Week 2 Bangladesh

At the end of another week here at Malumghat (remember, Thursday is Friday here, Friday is Sunday, and Saturday is still Saturday), we find ourselves settling in a bit more, and gradually becoming more involved in the daily workings of the hospital and becoming more familiar with the culture.

Rachel has also been involved in her first few fistula repairs, which has been exciting for her to begin to learn the surgical techniques. One of the women with a fistula is 25 years old, with a very sad but very typical story. She married young, in her mid-teens like so many girls here, and then had three babies in a row—all stillborn. (If you don’t recall the details on fistulas, see the “Shalwar” blog from a month ago.) There is a program here called Engender which is trying to raise awareness of fistulas in the community, and also fund surgical repairs. Most women, as they have become social outcasts, cannot pay for the surgery themselves. The surgery we performed for her went OK, but she had a complicated fistula and we were unable to repair it fully. Please pray for her, for complete healing and also for openness to spiritual healing as well.

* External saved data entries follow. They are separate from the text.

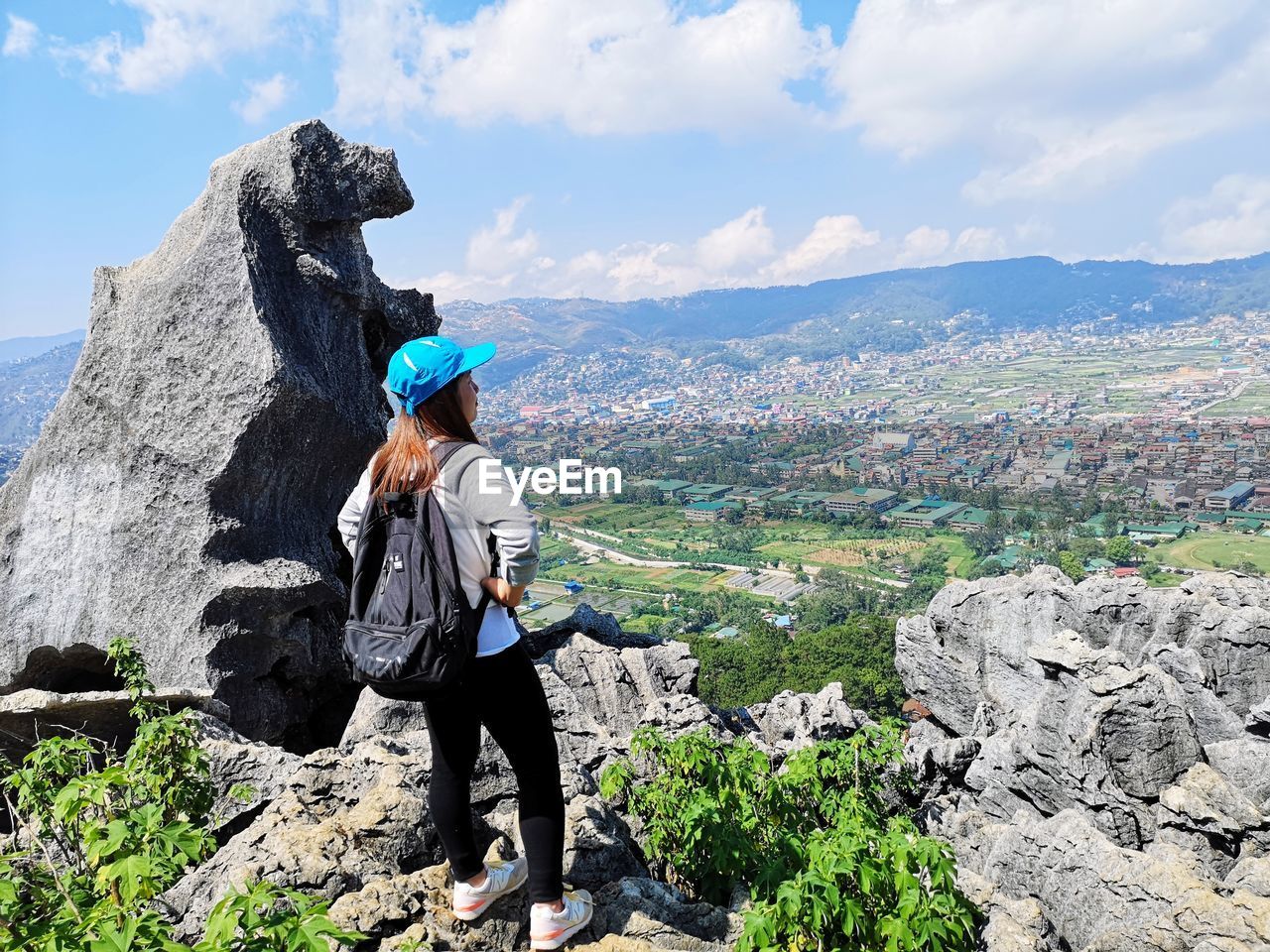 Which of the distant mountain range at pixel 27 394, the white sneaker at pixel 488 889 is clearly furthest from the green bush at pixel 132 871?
the distant mountain range at pixel 27 394

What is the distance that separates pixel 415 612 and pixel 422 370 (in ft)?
2.48

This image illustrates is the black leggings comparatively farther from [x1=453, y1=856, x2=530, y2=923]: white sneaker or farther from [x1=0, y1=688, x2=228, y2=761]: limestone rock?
[x1=0, y1=688, x2=228, y2=761]: limestone rock

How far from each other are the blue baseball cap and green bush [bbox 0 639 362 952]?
4.63 ft

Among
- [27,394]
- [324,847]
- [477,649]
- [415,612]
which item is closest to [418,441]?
[415,612]

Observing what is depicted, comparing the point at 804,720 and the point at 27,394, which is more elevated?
the point at 27,394

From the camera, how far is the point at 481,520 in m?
2.55

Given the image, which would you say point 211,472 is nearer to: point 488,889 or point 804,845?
point 488,889

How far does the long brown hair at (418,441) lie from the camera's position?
2.58m

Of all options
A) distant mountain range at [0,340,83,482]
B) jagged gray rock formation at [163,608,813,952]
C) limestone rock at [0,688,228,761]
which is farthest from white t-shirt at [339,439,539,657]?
distant mountain range at [0,340,83,482]

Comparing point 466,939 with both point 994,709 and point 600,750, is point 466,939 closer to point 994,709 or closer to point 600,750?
point 600,750

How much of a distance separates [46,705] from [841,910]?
488 cm

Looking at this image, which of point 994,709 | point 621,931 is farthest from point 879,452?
point 621,931

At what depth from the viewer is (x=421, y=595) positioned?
2496 millimetres

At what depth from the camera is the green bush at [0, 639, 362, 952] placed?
1825mm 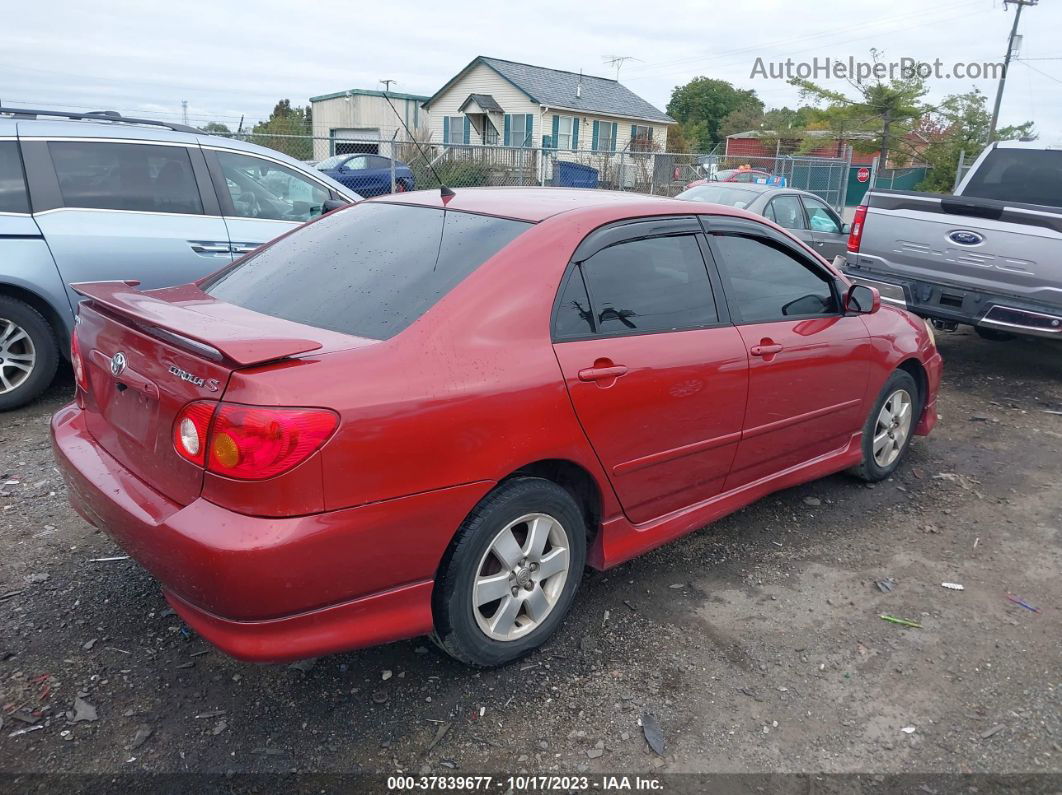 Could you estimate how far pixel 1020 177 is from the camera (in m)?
8.20

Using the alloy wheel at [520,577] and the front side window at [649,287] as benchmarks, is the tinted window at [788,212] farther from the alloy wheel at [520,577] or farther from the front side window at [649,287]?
the alloy wheel at [520,577]

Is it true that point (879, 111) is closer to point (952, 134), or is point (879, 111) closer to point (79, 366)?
point (952, 134)

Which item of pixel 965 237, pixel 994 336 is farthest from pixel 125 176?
pixel 994 336

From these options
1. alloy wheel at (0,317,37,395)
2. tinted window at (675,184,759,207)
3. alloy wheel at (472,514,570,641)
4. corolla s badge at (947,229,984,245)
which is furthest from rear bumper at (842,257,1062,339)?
alloy wheel at (0,317,37,395)

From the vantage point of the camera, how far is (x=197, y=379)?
2.37 metres

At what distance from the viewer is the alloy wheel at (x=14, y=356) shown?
5199 mm

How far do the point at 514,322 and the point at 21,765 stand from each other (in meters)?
2.02

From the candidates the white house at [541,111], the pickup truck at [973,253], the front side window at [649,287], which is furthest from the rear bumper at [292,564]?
the white house at [541,111]

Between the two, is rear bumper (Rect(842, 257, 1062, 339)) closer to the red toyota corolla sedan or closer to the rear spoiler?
the red toyota corolla sedan

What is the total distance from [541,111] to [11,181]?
3226cm

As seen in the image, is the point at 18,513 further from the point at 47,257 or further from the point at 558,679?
the point at 558,679

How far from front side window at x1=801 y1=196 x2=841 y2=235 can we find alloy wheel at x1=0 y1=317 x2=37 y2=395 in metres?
9.26

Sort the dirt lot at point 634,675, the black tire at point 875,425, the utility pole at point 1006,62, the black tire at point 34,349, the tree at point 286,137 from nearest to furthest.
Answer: the dirt lot at point 634,675 < the black tire at point 875,425 < the black tire at point 34,349 < the tree at point 286,137 < the utility pole at point 1006,62

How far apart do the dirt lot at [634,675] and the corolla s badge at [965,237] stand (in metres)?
3.38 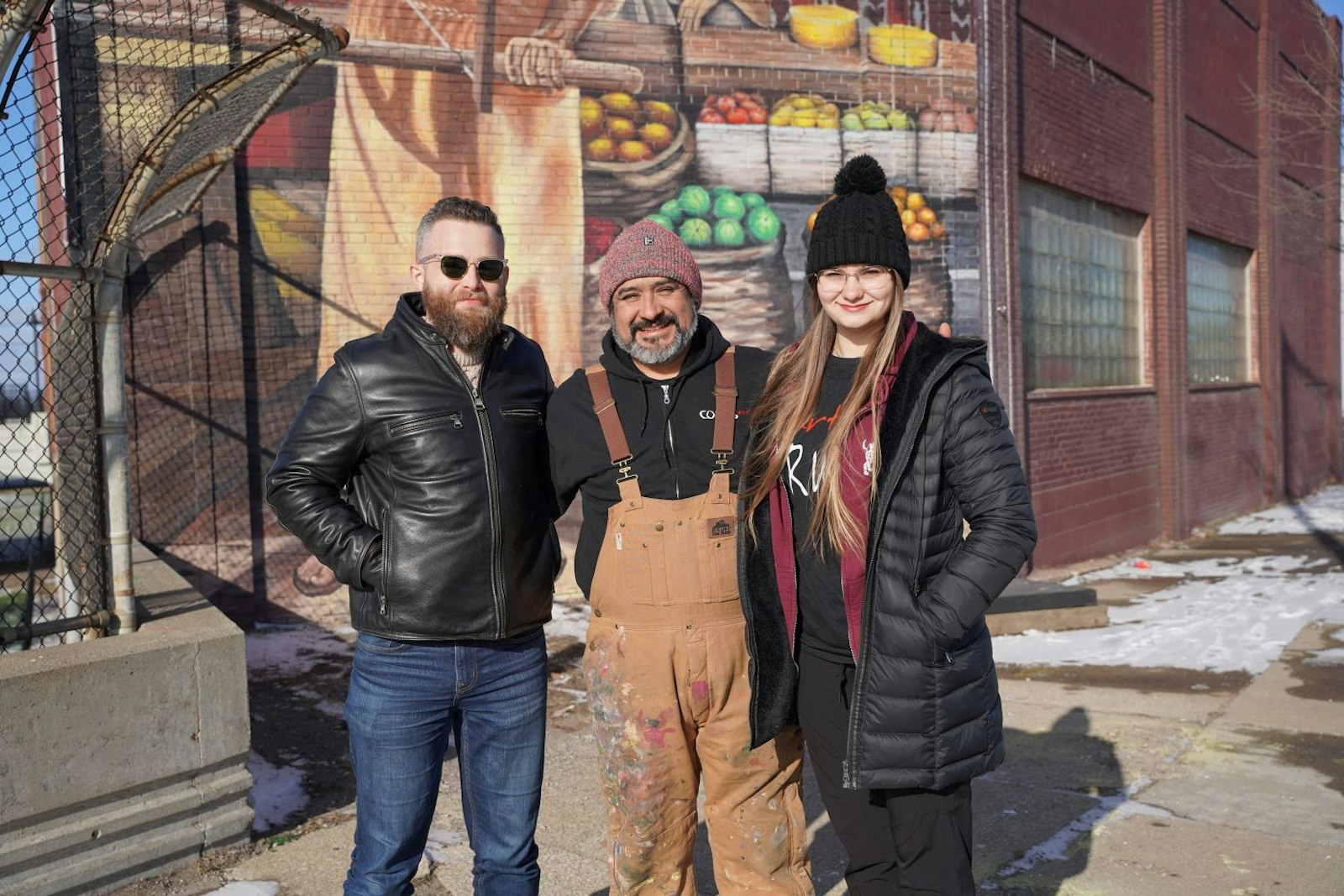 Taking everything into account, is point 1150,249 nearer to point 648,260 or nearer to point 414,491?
point 648,260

On a happier note, Rachel has delivered a few Bangladeshi babies via C-section, which is always fun! The first one was a “giant” by Bengali standards—almost 8 lbs. To put this in perspective, the average baby comes out around 5-6lbs, and we have some almost term babies in the hospital right now that weigh 3 lbs.

Eric’s been busy at the inpatient and outpatient departments, trying to learn to care for a whole smattering of diseases not seen at home, with a whole smattering of tools also not usually seen at home. Cerebral malaria, pulmonary tuberculosis, viper bites, rickets, all manner of worms, cholera (he now washes his hands obsessively), and organophosphate poisoning from rice pesticides that currently has landed a 3 year old boy with a tube down his throat, getting oxygen through a bag pump operated 24/7 by his family members. Needless to say, there’s a lot to learn.

Busy week, but a few quiet moments find their way in, when the rain is pouring onto our sheet metal roof and we think “We’re in Bangladesh!” and smile.


Anonymous said...

Glad to see that you are geting to do your surgeries Rachel. 8# ?? How big do they grow up to be on an average??